Here I analyse the beef processing costs to see if a similar story emerges.
The simple answer is that for beef, as with sheep, there are big differences between the industry cost leaders and the rest. Once again, Silver Fern Farms appears to be one of the laggards, but it is not there by itself.
The small Te Kuiti-based UBP company, owned by American Taiwanese and registered in the Virgin Islands, is the apparent cost leader. It has combined variable and fixed operating costs about 16% less than most other operators. They are described by GHD as the ‘best practice’ company. [Correction: I have subsequently been advised by UBP Managing Director Roger Stewart that the ownership came back to New Zealand approximately five years ago.]
In the sheep industry, processing capacity utilisation has been declining as a consequence of declining sheep numbers, and it is now only 47%. However, for the beef industry, although in recent years there has been some minor decline in capacity utilisation, the consequences have been less severe. Across the industry, capacity utilisation as estimated by GHD averages 59% and ranges from 33% (Taylor Preston) to 75% (ANZCO).
GHD proposes that six of New Zealand’s 27 export beef facilities should be closed. It estimates that this capacity utilisation across the industry would rise to 70%, with individual firms then ranging from 33% to 79% capacity utilisation. GHD believes that with overtime worked when necessary, there would still be sufficient capacity to meet peak seasonal demands. The estimated saving in operating costs is $30 million per annum.
This potential for savings appears to be based on an unstated assumption of a typical year and to ignore regional peaks that differ from national peaks. So the assumptions do look somewhat troublesome, particularly as they apply to some companies.
GHD estimates that implementation of best practice could save $60 million per annum. This is double the savings from closing facilities. However, this separation tends to be lost when the findings are subsequently used within the MIE report. This lack of separation has implications, given that getting all facilities up to optimal efficiency will not be easy. It will require writing-off some existing equipment and it will require considerable new investment.

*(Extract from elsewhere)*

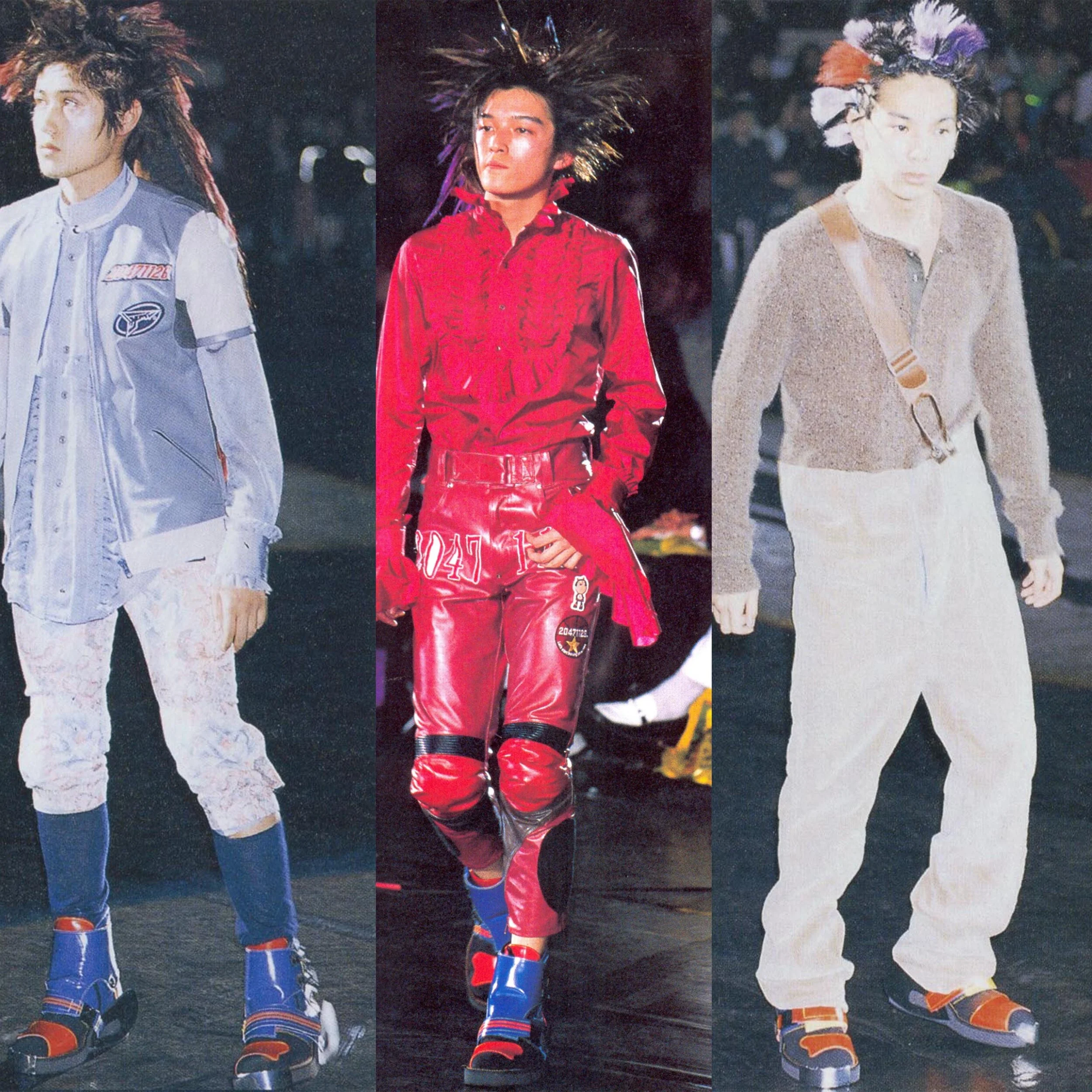 Ski Boots — My Clothing Archive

There is no evidence these costs are included.
It is also possible that GHD has miscued in regard to the improved capacity utilisation for Silver Fern Farms, which is the biggest beef processor. GHD recommends that Silver Fern Farms should close just one medium sized beef plant (Waitoa), which from GHD’s data has 11% of the Silver Fern Farms’ beef processing capacity, but that this will somehow decrease subsequent processing capacity by 20%. Those numbers do not add up.
Unlike the sheep industry, for beef processing there is no one company that stands out as the weak link. Instead, there is evidence that most of the companies have a mix of high cost and lower cost plants, with the best quartile of facilities having labour costs about 25% lower than the rest. For commercial reasons, each facility with its labour costs is identified only by a number rather than by name and location.

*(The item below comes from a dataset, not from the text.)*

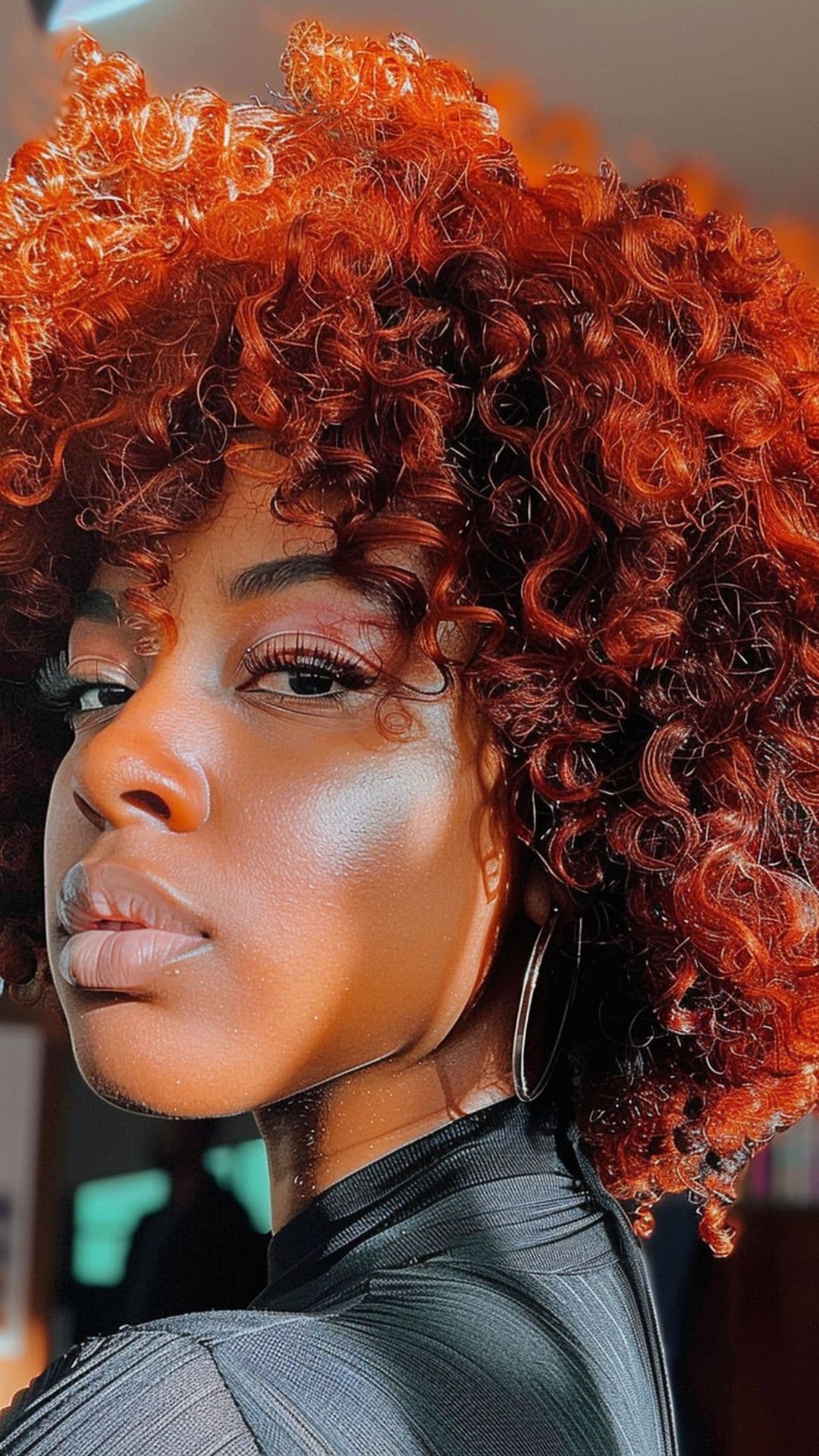 24 Beautiful Hair Colors Perfect for Afro-Textured Hair - Sassa Insider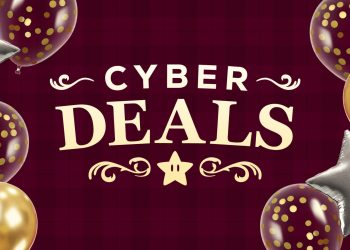 Guia de Ofertas – eShop | Campanha Cyber Deals é iniciada com ofertas em dezenas de jogos (Switch 2 e Switch)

Despite all of the above, and the evidence that Silver Fern Farms has operating costs similar to many other companies, it is inevitable that much of the focus will now be on Silver Fern Farms. This is the company that has been struggling the most, in part because of its sheep operations. It is also the company that is currently seeking $100 million of new capital. In beef it is the largest of the processing companies with a 32% share, whereas in sheep it is only second at 25%.
Whereas many of Silver Fern Farms’ sheep processing facilities can be regarded as surplus to national capacity, Silver Fern Farms’ beef processing capacity is vital.

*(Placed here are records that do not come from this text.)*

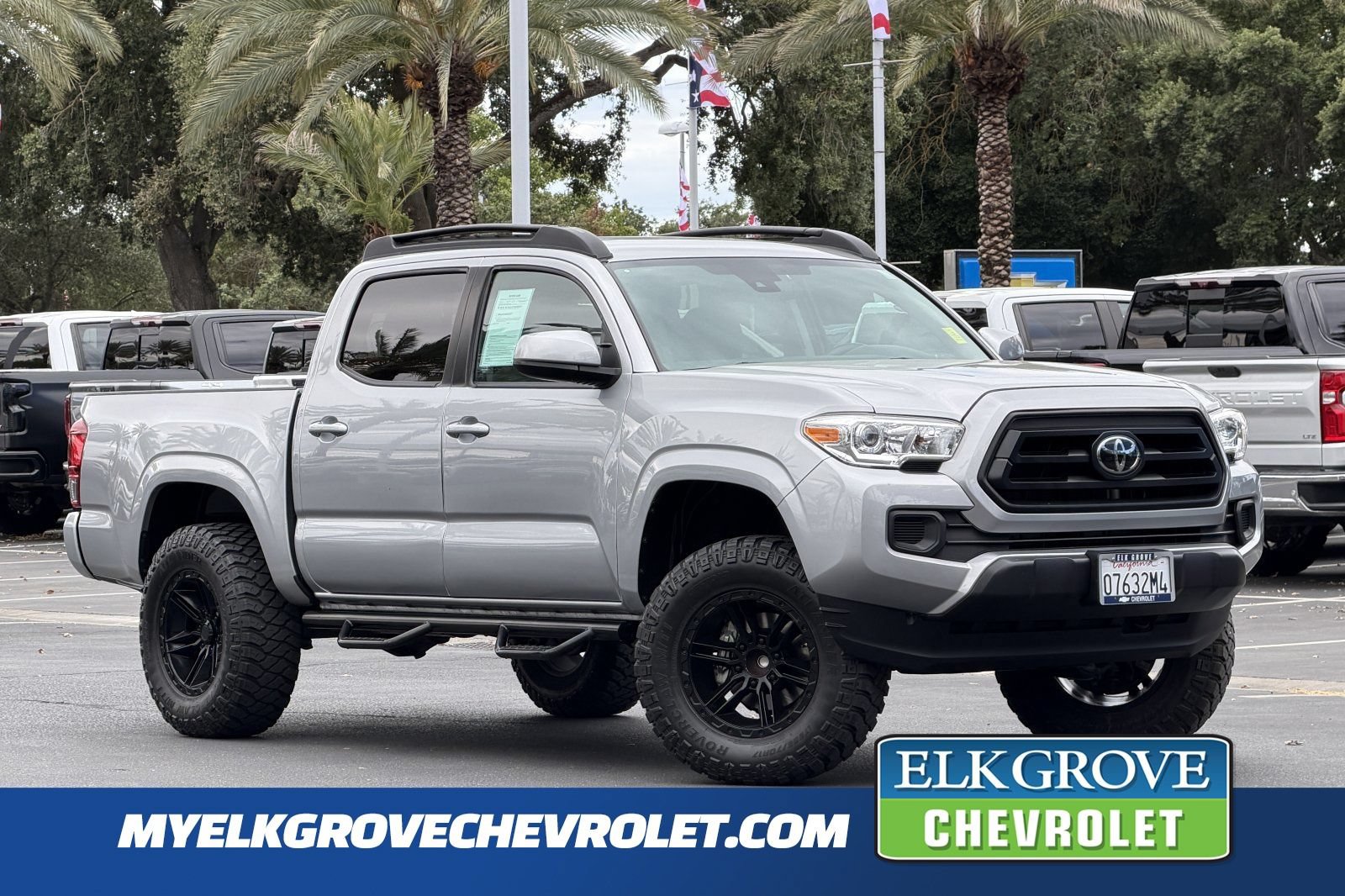 Used 2021 Toyota Tacoma SR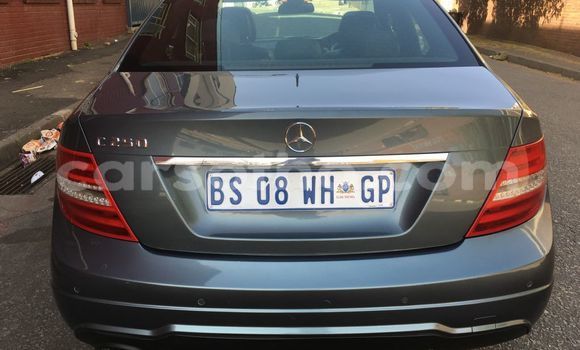 اشتري مستعمل Mercedes-Benz C–Class Black سيارة في Maseru في Maseru اشتري مستعمل Mercedes-Benz C–Class Black سيارة في Maseru في Maseru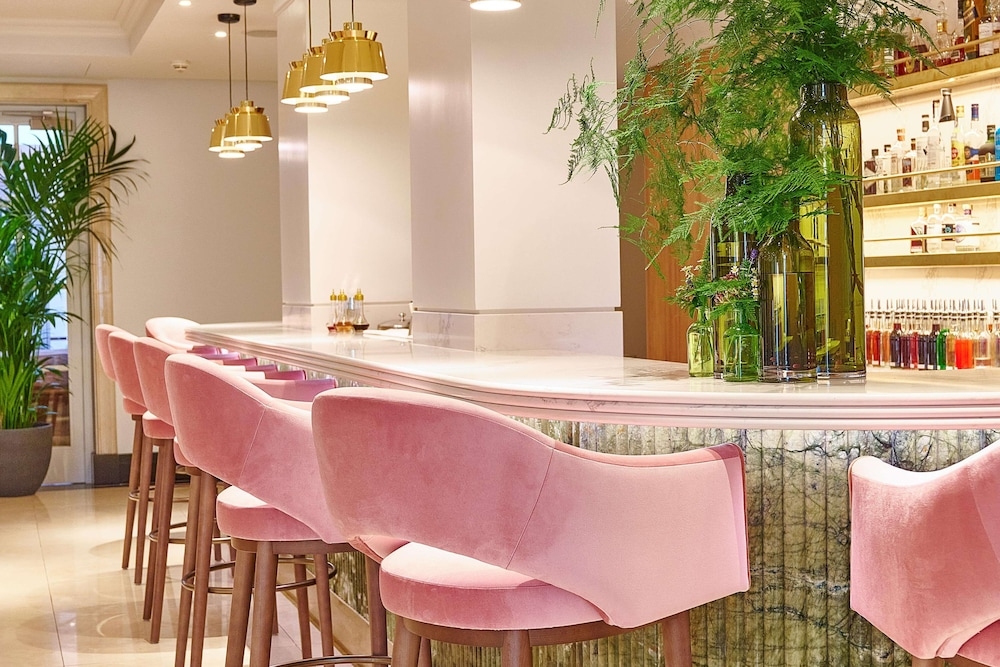 바(숙박 시설 내)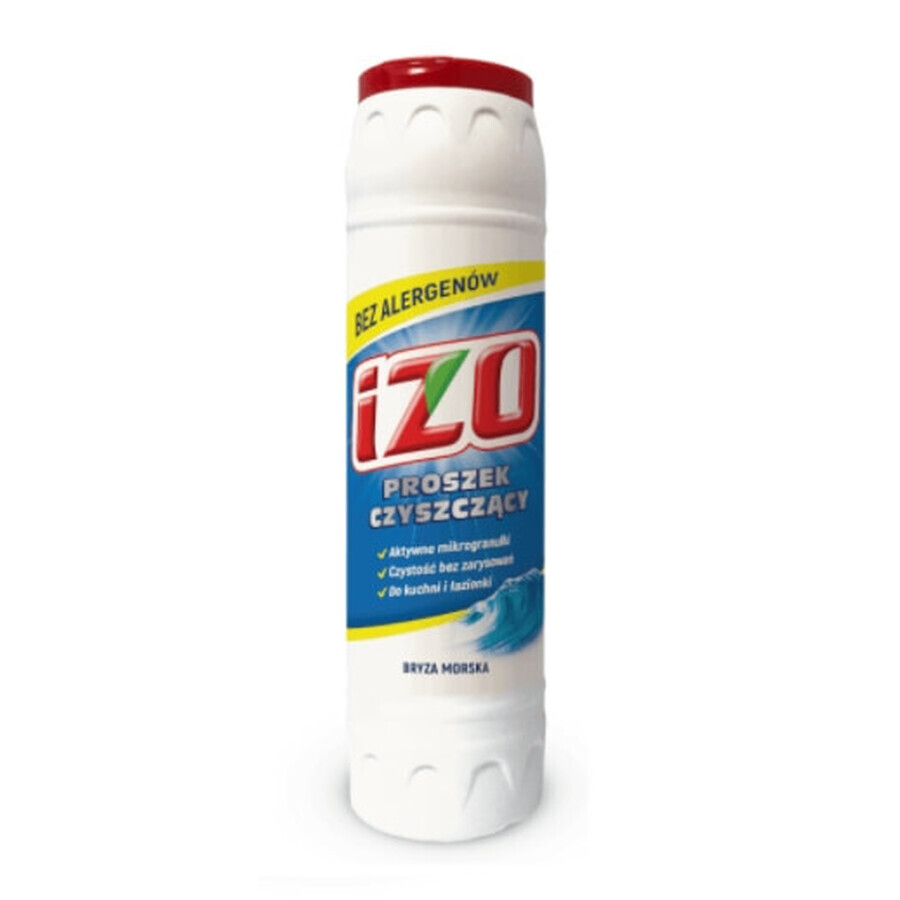 Winkel op Izo, Sea Breeze Reinigingspoeder, 500g Izo, Sea Breeze Reinigingspoeder, 500g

It is in that context that the decision by Silver Fern Farms in late 2014 to restructure its sheep and beef as separate business units has clear strategic implications. Given that some of its facilities such as Finegand in South Otago are multispecies, that decision will not have been made lightly.
Silver Fern Farms and its bankers can be confident that someone will eventually decide to buy the SFF beef business once the sheep business is clearly separated. It could be a Brazilian company or it could be a Chinese company. Or it could be a mix of existing New Zealand companies that each purchase particular beef assets, and perhaps also some of the best sheep assets. Only time will tell. But that time is now not far away. Indeed the bidding process has already begun.
However it turns out, it will be like an earthquake in the red meat industry. Given that Silver Fern Farms is New Zealand’s largest combined sheep plus beef processing and marketing company, it cannot be any other way.